Saxophonist John Wojciechowski is an urban musician through and through. He grew up and developed his powerful tenor sound in Detroit—“a really rich community with a lot of great players,” he says—and since 2002 has thrived in Chicago, working alongside some of the best players in the city.
So why does he live way the heck out in the Windy City’s western suburbs in a place called Bartlett—where it takes a good half-hour to even reach one of the highways leading into the city? And does being so far away from the action have an impact on his music?
The answer to the first question is that “Wojo,” as he is known, teaches high school in the historic river town of St.
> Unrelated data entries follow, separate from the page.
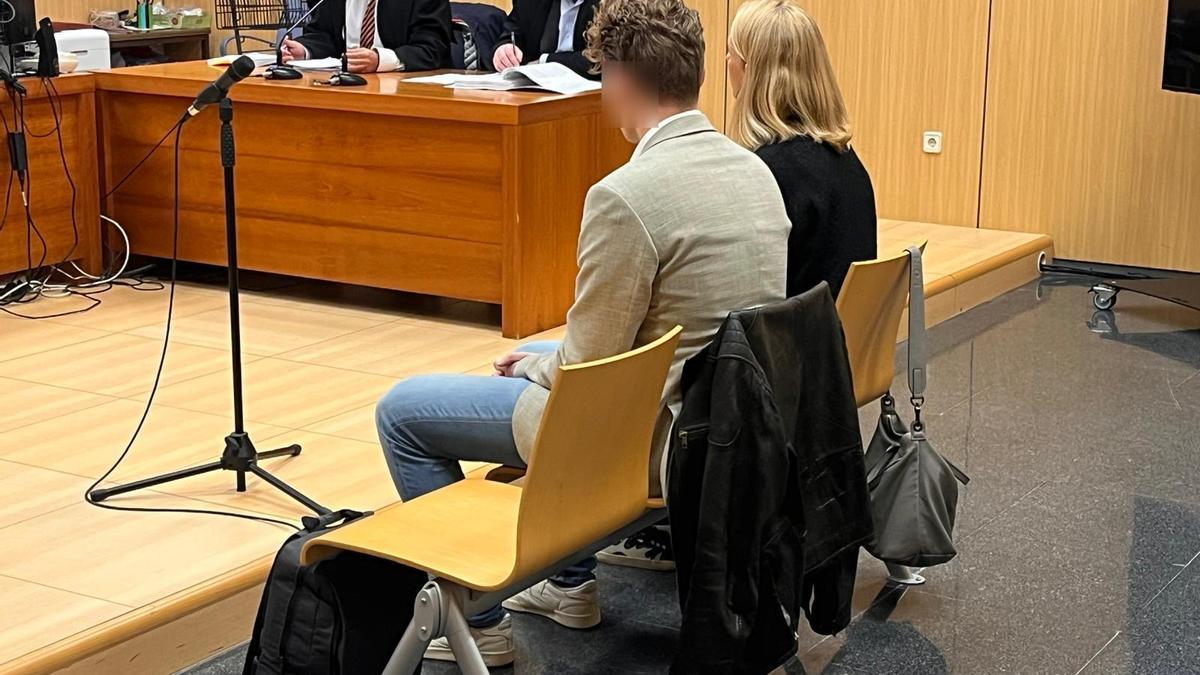 El acusado de violar a una compañera de trabajo sentado junto a la intérpretre durante el juicio celebrado este miércoles.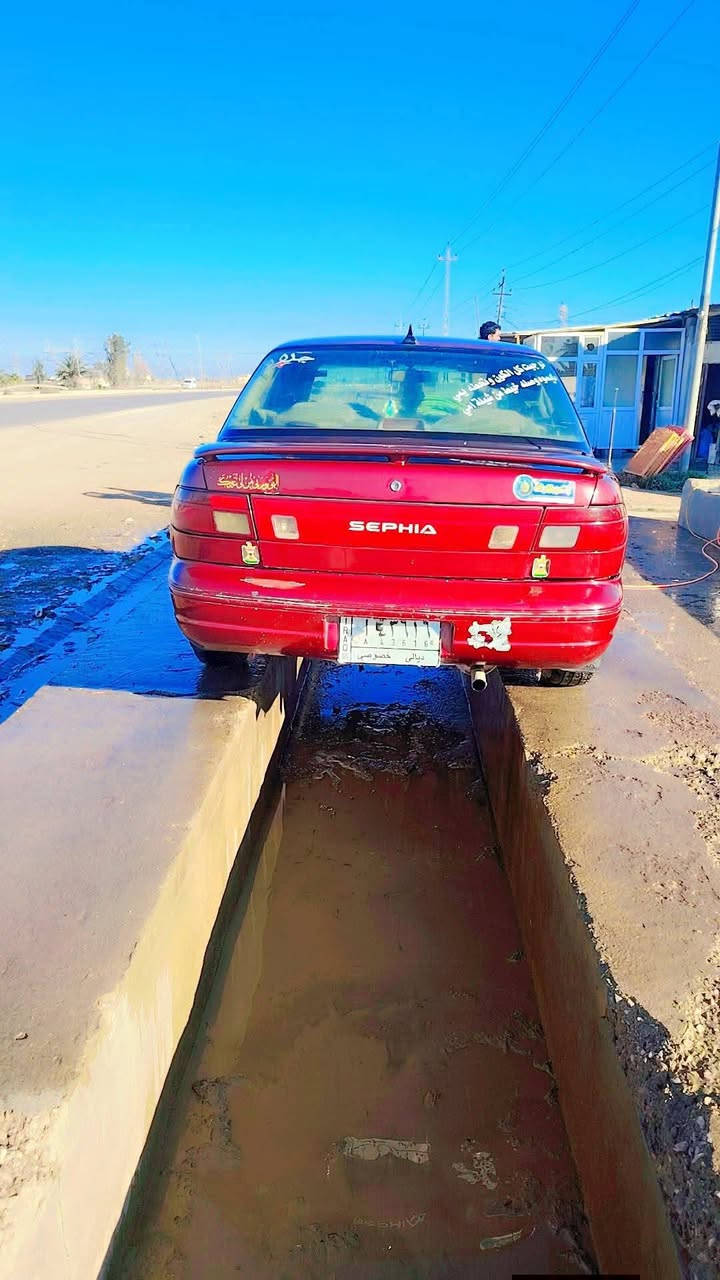 السلام عليكم كيه سيفيه سياره جديده مصبوغه جماليه حزام سياره محرك كير كفاله تبريد شغال السعر ٣٢ بيه مجال بصيط***********
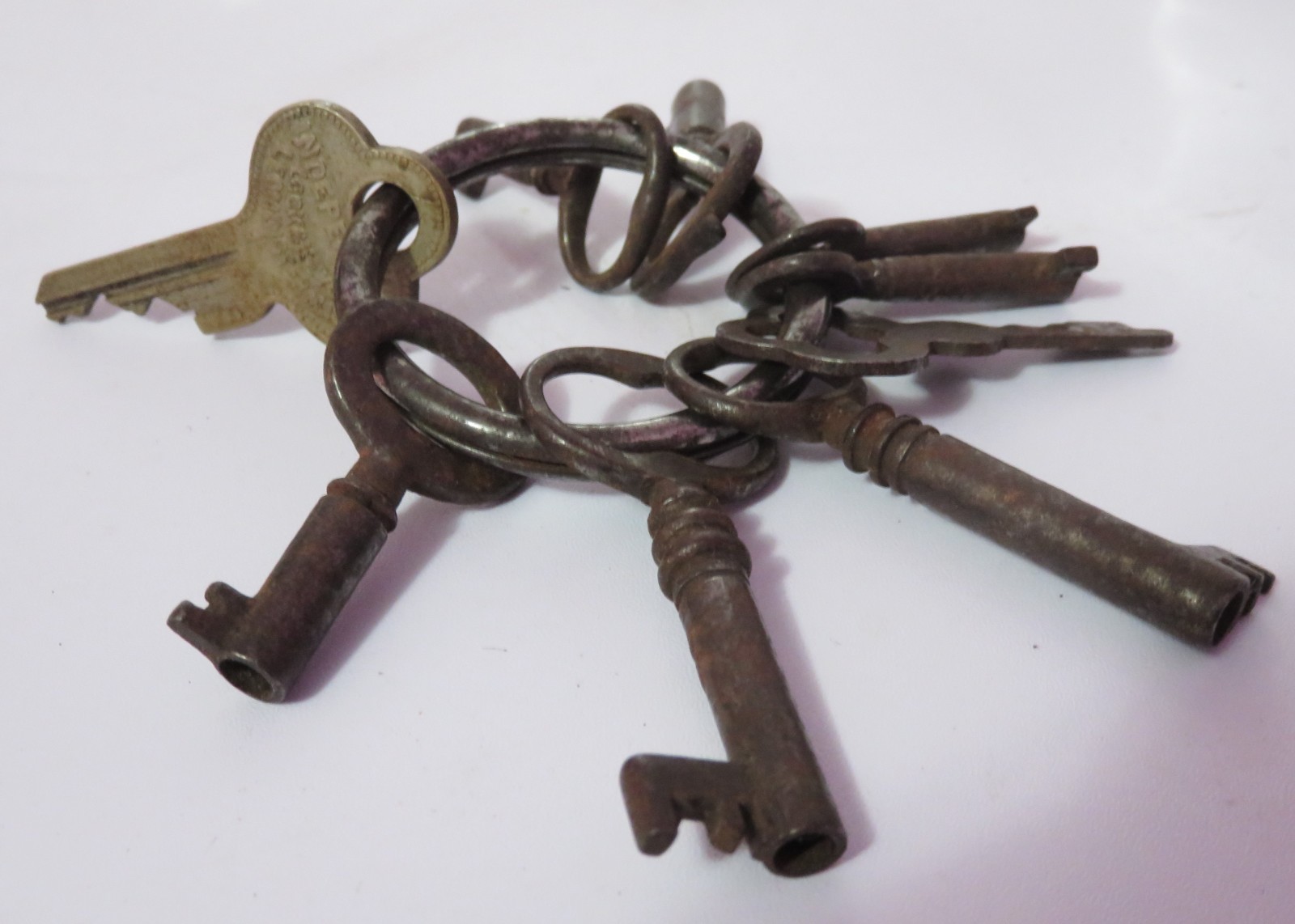 LOT OF VINTAGE AND ANTIQUE DEASK CABINET OR BOXES KEYS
Charles—no doubt one of the only jazz musicians of his caliber who can make that claim.
The answer to the second question is that being out and away from all the noise and congestion isn’t such a bad thing for an artist. It helps you to . . . focus. It certainly helped Wojciechowski concentrate on the making of Focus, an impressive step up from his previous album, Lexicon, as good as it is.
Boasting seven strong original compositions, each one reflecting a different aspect of his style and personality, Focus is one of those supremely enjoyable albums that treats the mainstream not as a comfort zone but a central place from which to push stylistic boundaries and assert original ideas.
Backed by a remarkable, tightly knit unit including drummer Dana Hall, bassist Dennis Carroll, and pianist Ryan Cohan, Wojciechowski ranges from the earthy intensity of “Summon the Elders,” a spell-casting modal piece reminiscent of John Coltrane and Pharoah Sanders, to the bottom-up inventions of the title cut to the dancing 3/4 patterns of “Twirl,” on which he shows off his lyrical tenor saxophone sound.